One limitation of this trial is that biomarkers of glycocalyx shedding are only an indirect method of measuring glycocalyx thickness and integrity and do not provide insight into the thickness of the remaining glycocalyx structure. Furthermore, we used a third-generation balanced 6% hydroxyethyl starch 130/0.4 solution, so, despite volume effects similar to those seen with other iso-oncotic colloids (for example, 5% human albumin), the results of this trial are not directly transferable to other colloids.

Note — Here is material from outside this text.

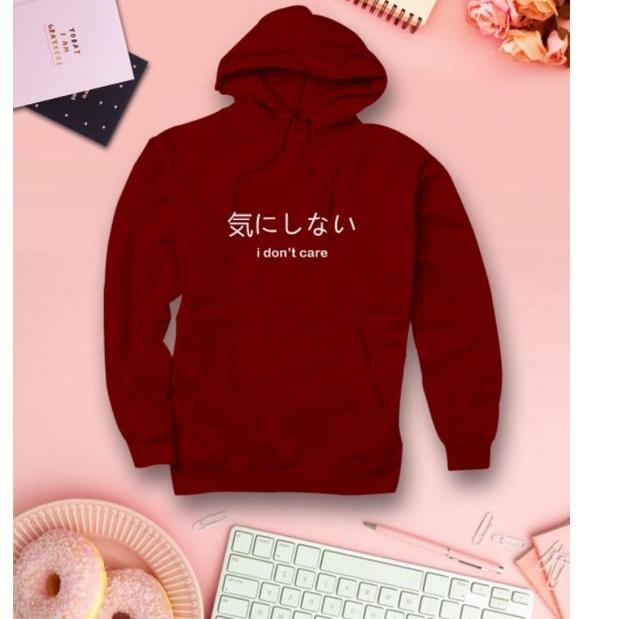 Sweater Hoodie Unisex/I DON'T CARE/Remaja &. Dewasa/Lengan Panjang/Varian ukuran –PWG.21Jl22ғ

Surprisingly, we found only two markers of glycocalyx degradation to be elevated in the serum of the VL group: syndecan 1 and hyaluronan. It should be borne in mind that shedding of these two constituents requires the action of proteases, whereas the lyase heparanase is needed for shedding of heparan sulfates in humans. Accordingly, VL cannot lead to any marked activation or release of heparanase in humans. A major store of heparanase in humans is in the tissue mast cells [
36]. Fittingly, there are no receptors for ANP on the human mast cell. Thus, VL-induced liberation of ANP is a realistic mechanism by which to explain our finding of dissociated markers of glycocalyx damage.
Competing interests
DC has delivered lectures funded by, and has received research grants from, B Braun, Grifols and Fresenius Kabi. MJ has delivered lectures funded by, and has received research grants from, Baxter, B Braun, Fresenius Kabi, Grifols and Serumwerk Bernburg, and is a member of the Grifols Albumin Advisory Board. MR has delivered lectures funded by, and has received research grants from, CSL Behring and Fresenius Kabi Serumwerk Bernburg. All of the other authors declare that they have no competing interests.